Sunday, January 4, 2009
Three
Yes, I am a day late with this post, but in my defense, I was in the car all day yesterday. I drove all by myself with three children 1,167 miles :D We were in the car for 19 hours! The kids were all so very very good. I guess we all just wanted to get home. I had a lot of thinking time while I was driving. I have new ideas for the house and how I'm going to rearrange the furniture and reorganize and things I'm going to get rid of. I thought of my New Years resolutions and how I can really concentrate on them. One is to be a better wife. I'm going to really go the extra mile for my marriage. I think the result will be positive not only for me, but Troy and our children. I thought a lot about my mother and how I could possibly help her. I feel helpless in that situation. My Mom really needs me now, but there is really no way I can be near her right now because of Troy and the kids. I'm really torn. She is coming to stay with us in three weeks so that makes me happy :D Hopefully she will begin to feel better and her doctors will actually help her.
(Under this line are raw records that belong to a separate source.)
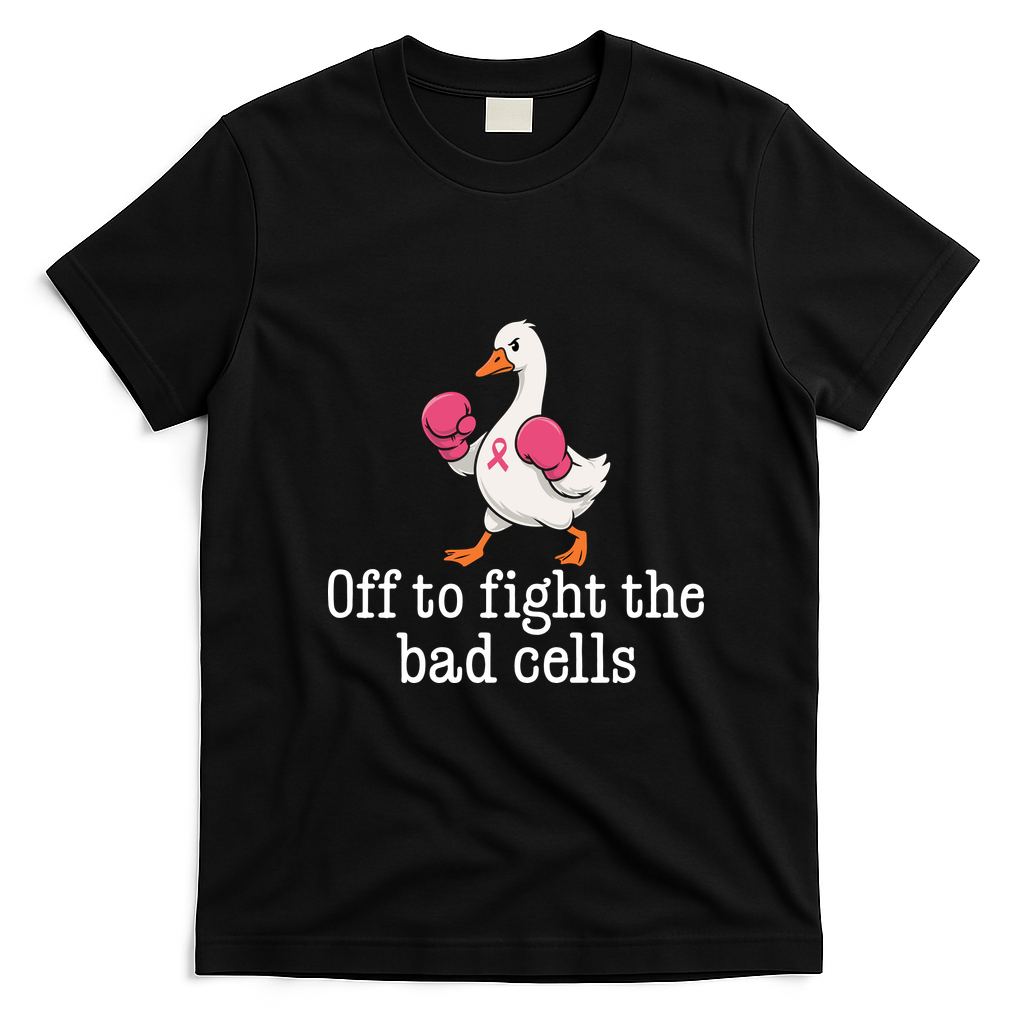 Off To Fight The Bad Cells Boxing Duck Pink Gloves Fighting Against Breast Cancer T-Shirt - Black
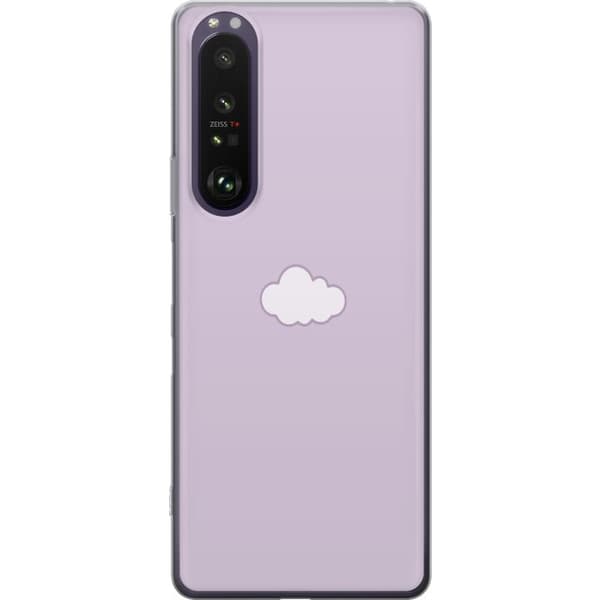 Sony Xperia 1 III Genomskinligt Skal Lila Moln – minimalistiskt moln på lila bakgrund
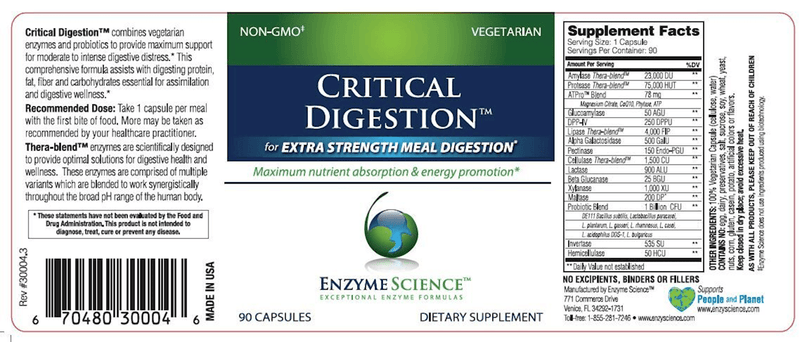 Critical Digestion 90 Caps Enzyme Science Label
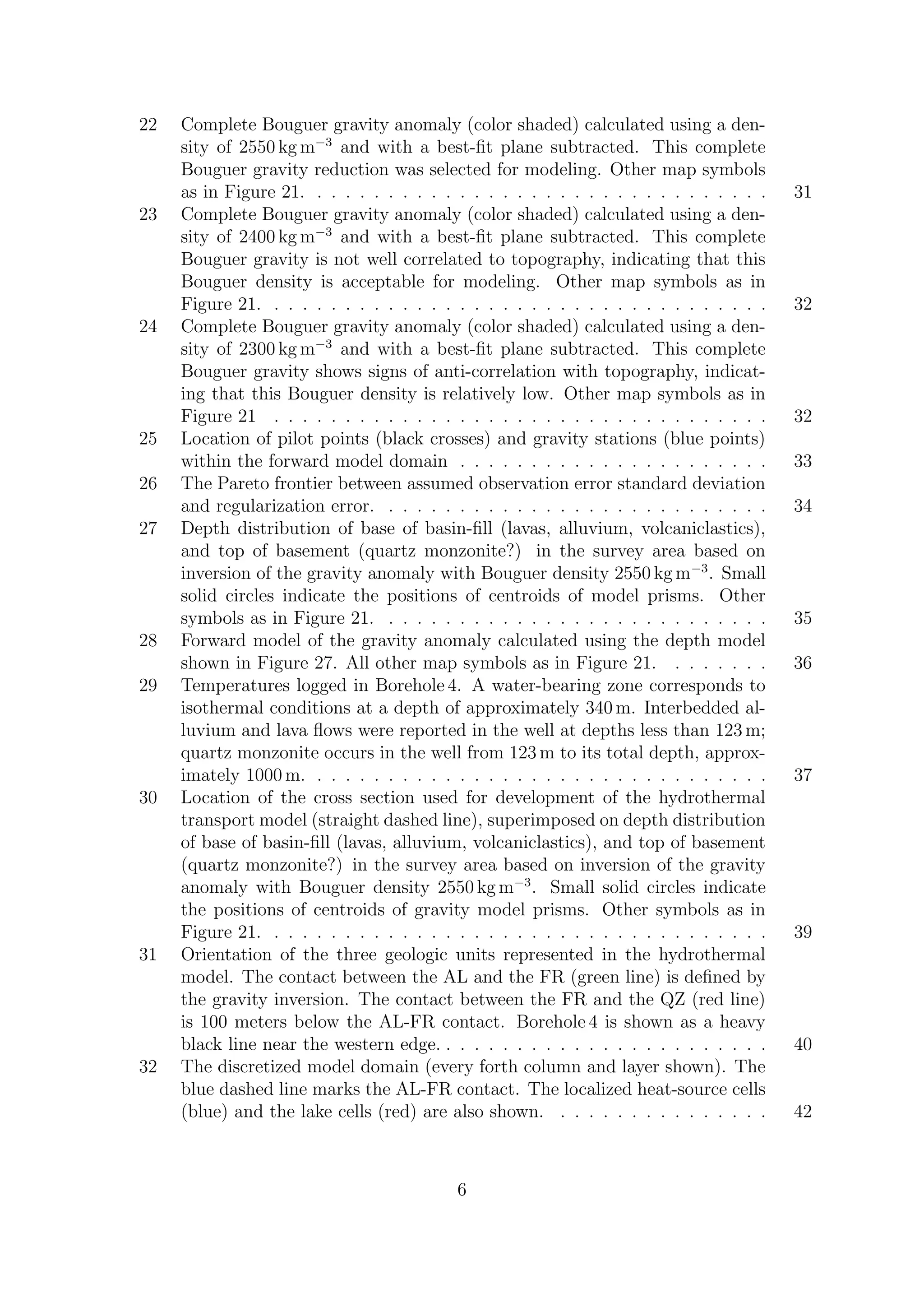 22 Complete Bouguer gravity anomaly (color shaded) calculated using a den-
sity of 2550 kg m−3
and with a best-fit plane subtracted. This complete
Bouguer gravity reduction was selected for modeling. Other map symbols
as in Figure 21. . . . . . . . . . . . . . . . . . . . . . . . . . . . . . . . . 31
23 Complete Bouguer gravity anomaly (color shaded) calculated using a den-
sity of 2400 kg m−3
and with a best-fit plane subtracted. This complete
Bouguer gravity is not well correlated to topography, indicating that this
Bouguer density is acceptable for modeling. Other map symbols as in
Figure 21. . . . . . . . . . . . . . . . . . . . . . . . . . . . . . . . . . . . 32
24 Complete Bouguer gravity anomaly (color shaded) calculated using a den-
sity of 2300 kg m−3
and with a best-fit plane subtracted. This complete
Bouguer gravity shows signs of anti-correlation with topography, indicat-
ing that this Bouguer density is relatively low. Other map symbols as in
Figure 21 . . . . . . . . . . . . . . . . . . . . . . . . . . . . . . . . . . . 32
25 Location of pilot points (black crosses) and gravity stations (blue points)
within the forward model domain . . . . . . . . . . . . . . . . . . . . . . 33
26 The Pareto frontier between assumed observation error standard deviation
and regularization error. . . . . . . . . . . . . . . . . . . . . . . . . . . . 34
27 Depth distribution of base of basin-fill (lavas, alluvium, volcaniclastics),
and top of basement (quartz monzonite?) in the survey area based on
inversion of the gravity anomaly with Bouguer density 2550 kg m−3
. Small
solid circles indicate the positions of centroids of model prisms. Other
symbols as in Figure 21. . . . . . . . . . . . . . . . . . . . . . . . . . . . 35
28 Forward model of the gravity anomaly calculated using the depth model
shown in Figure 27. All other map symbols as in Figure 21. . . . . . . . 36
29 Temperatures logged in Borehole 4. A water-bearing zone corresponds to
isothermal conditions at a depth of approximately 340 m. Interbedded al-
luvium and lava flows were reported in the well at depths less than 123 m;
quartz monzonite occurs in the well from 123 m to its total depth, approx-
imately 1000 m. . . . . . . . . . . . . . . . . . . . . . . . . . . . . . . . . 37
30 Location of the cross section used for development of the hydrothermal
transport model (straight dashed line), superimposed on depth distribution
of base of basin-fill (lavas, alluvium, volcaniclastics), and top of basement
(quartz monzonite?) in the survey area based on inversion of the gravity
anomaly with Bouguer density 2550 kg m−3
. Small solid circles indicate
the positions of centroids of gravity model prisms. Other symbols as in
Figure 21. . . . . . . . . . . . . . . . . . . . . . . . . . . . . . . . . . . . 39
31 Orientation of the three geologic units represented in the hydrothermal
model. The contact between the AL and the FR (green line) is defined by
the gravity inversion. The contact between the FR and the QZ (red line)
is 100 meters below the AL-FR contact. Borehole 4 is shown as a heavy
black line near the western edge. . . . . . . . . . . . . . . . . . . . . . . . 40
32 The discretized model domain (every forth column and layer shown). The
blue dashed line marks the AL-FR contact. The localized heat-source cells
(blue) and the lake cells (red) are also shown. . . . . . . . . . . . . . . . 42
6
 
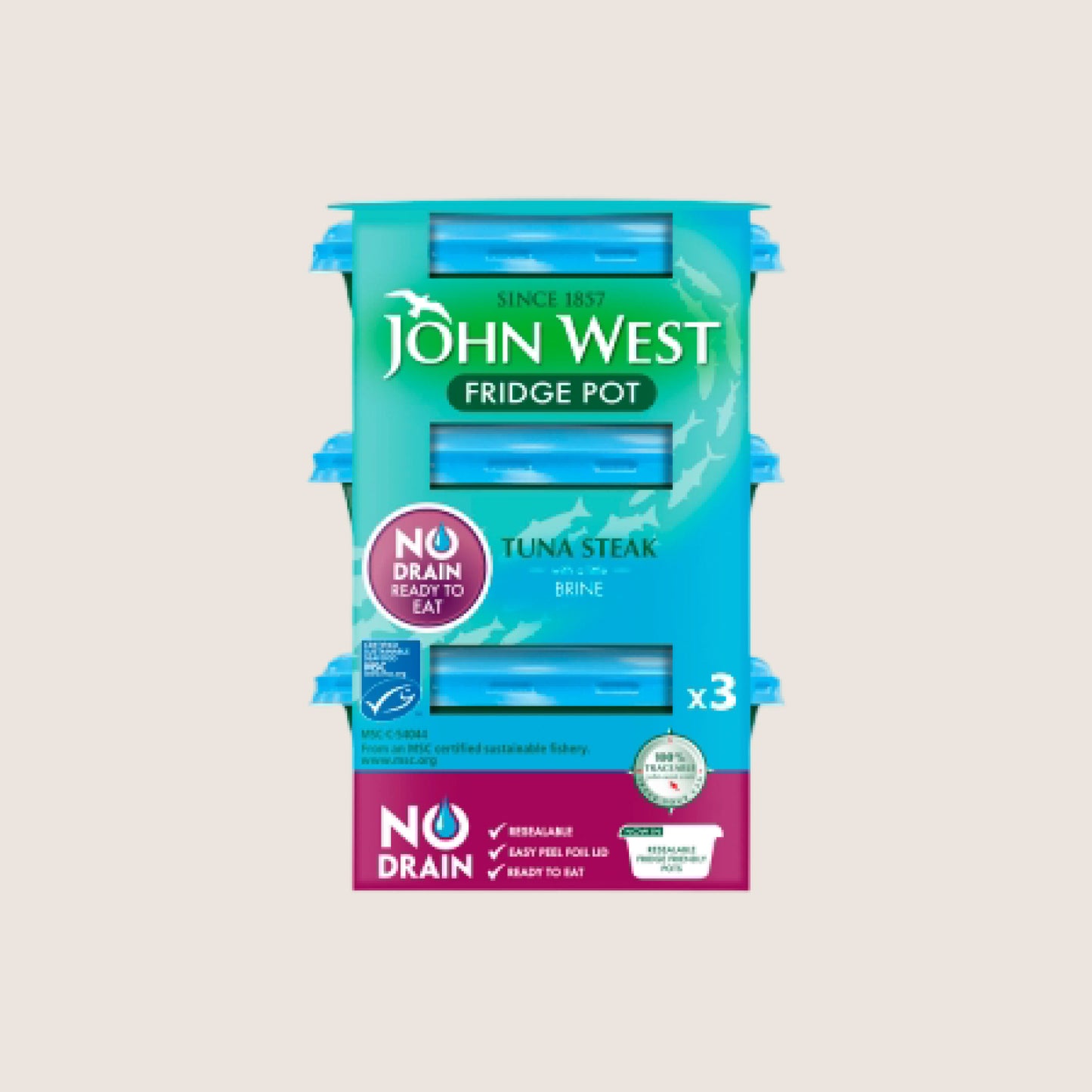 John West No Drain Fridge Pot Tuna Steak with a Little Brine MSC High in Protein 3x110g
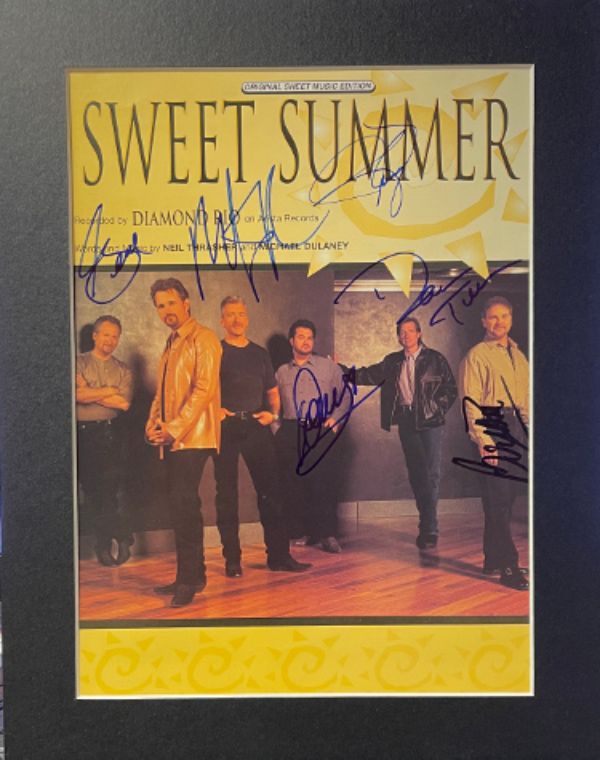 Picture of RDB Holdings & Consulting CTBL-033443 Diamond Rio Band Signed 2001 Sweet Summer Sheet Music 6 Sigs Beckett Gene Johnson&#44; Jimmy Olander&#44; Brian Prout & Marty Roe & Truman Music Autographed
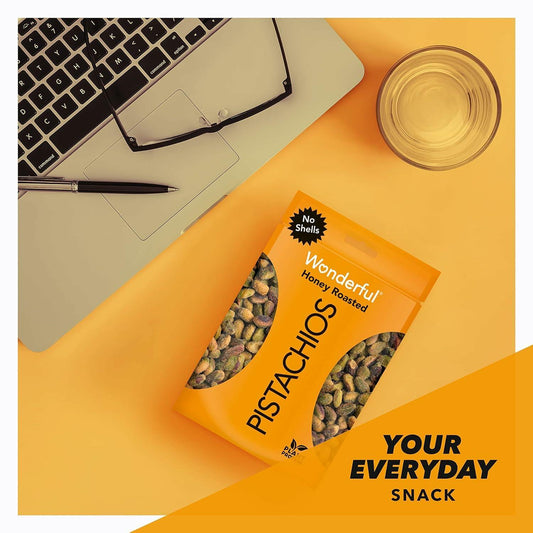 BestBy01/25 Wonderful Pistachios Honey Roasted No Shells Protein Snack 5.5oz Bag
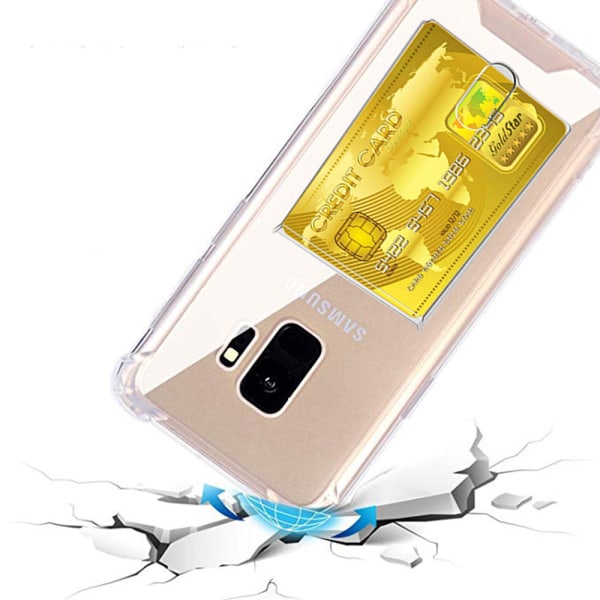 Samsung Galaxy S9 - Tehokas kuori korttipidikkeellä Transparent/Genomskinlig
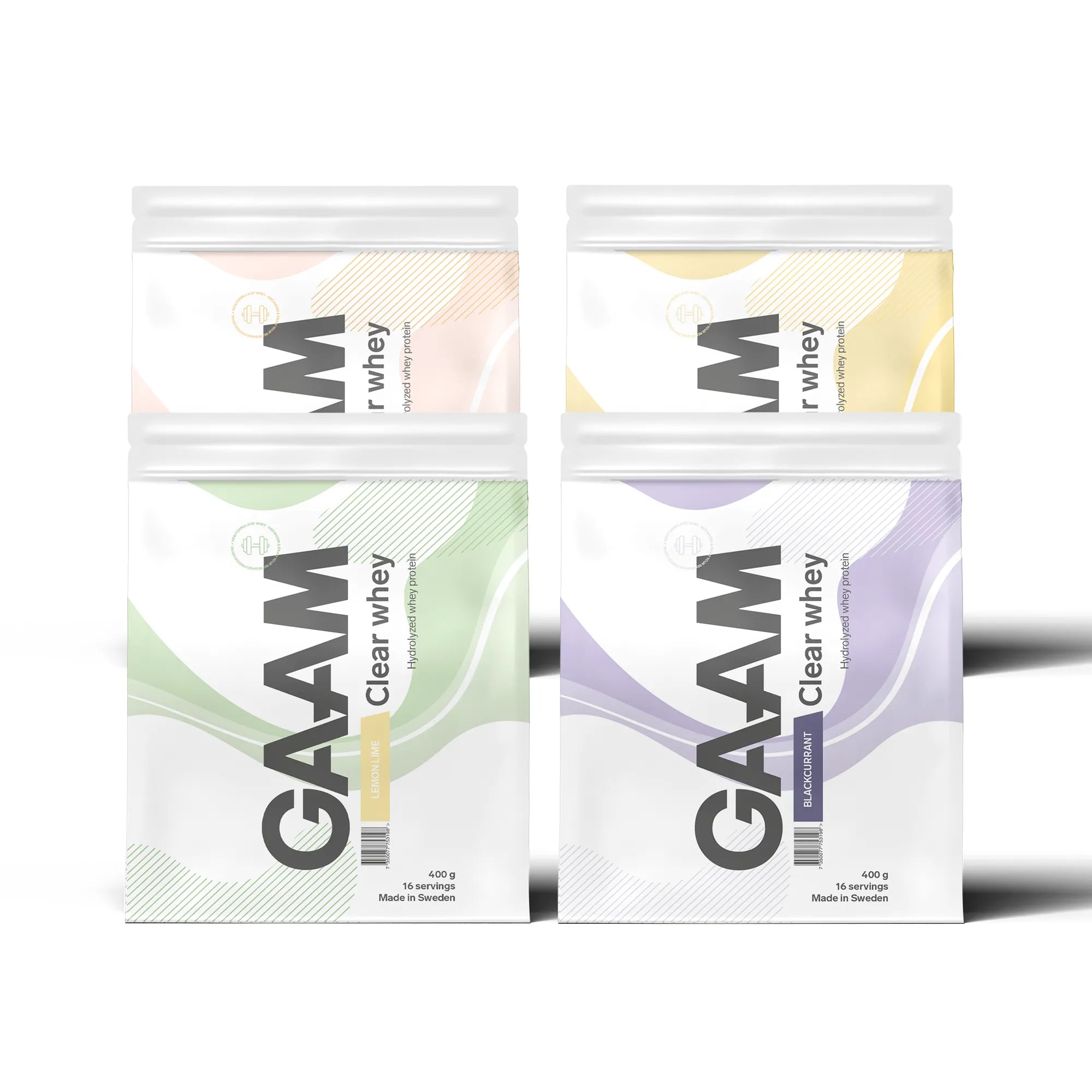 4 x GAAM Clear Whey 400 g proteinpulver i fyra vita påsar med vågiga mönster i olika pastellfärger.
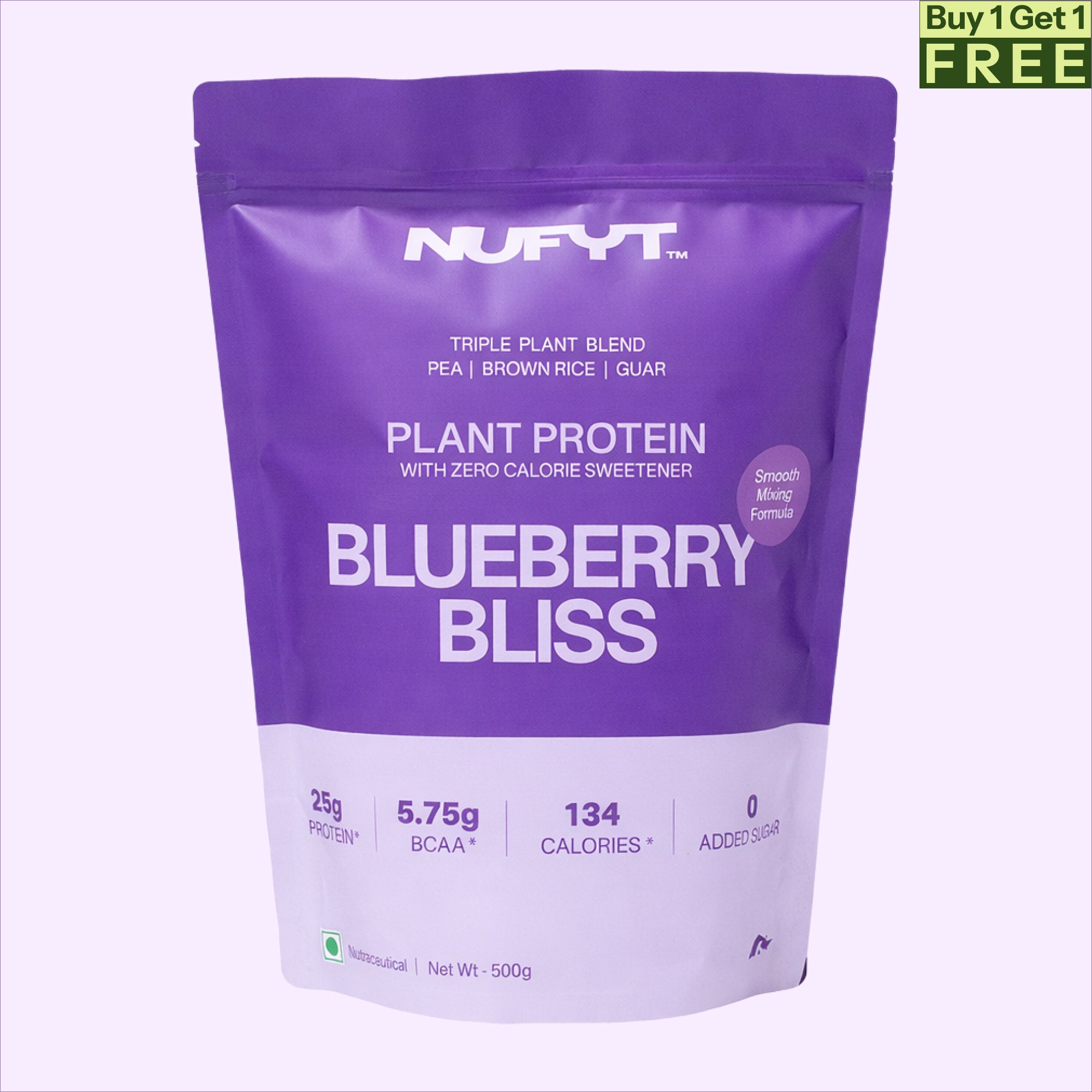 40793201049649 NUFYT Blueberry Bliss plant protein package with a smoothie and blueberries on a white background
This photo brought a great sense of relief for me. Although not a great photo, as I didn't take the time to pull out my tripod, it still makes me smile. It is Exit 1 on I-10 coming into Texas! It meant we were almost home and that we could get out of that bloody car soon! The common cries of "I'm hungry," "I have to go potty," and "oops, I spilt..." would be over soon! I also realized yesterday that I could never be a truck driver!
Friday, January 2, 2009
Two
I spent the morning with my in-laws and most would think I'm sorry, but you actually don't have to feel sorry for me :) We had a very nice morning. We had pancakes, bacon and nice conversation. The kids enjoyed sharing what little time we had with their grandparents. We then headed off to my brother-in-laws home, where we visited and laughed while the kids all played. We then headed down to the beach to play in the water a little. The water is way to cold for me, but the kids had no problem getting wet. There at the beach I realized how much my children miss living near their cousins. They were only able to spend a few hours with them yesterday and a few today, but they thoroughly enjoyed one another and were definately not ready to say goodbye. I also realized my thirteen year old niece, who by the way is growing into a beautiful young lady is taller than me with legs that go on forever! Kids grow way to fast!Today I'm grateful for the relationships I have with all my in-laws. ;D They have all treated me well through the years and have welcomed me with open arms into their family. Being with them without Troy makes me a little sad and wishing that he were able to make the trip with us. After being without Troy for a week I really need his arms around me.
Thursday, January 1, 2009
Day One
Today is the first day of 2009, a new beginning, a chance to start over with New Year's Resolutions. There are many things I would like to change about myself and many resolutions I will make. And yes, I know I will not be able to keep most, but that does not mean I will not at least try. One of my goals this year is my "Just Do It 365." I am going to enjoy and document the simple things in my life, the everyday, the routines, the ordinary life as a SAHM and wife. What will 2009 bring? Only time will tell and with each day I hope to document a piece of my ordinary life.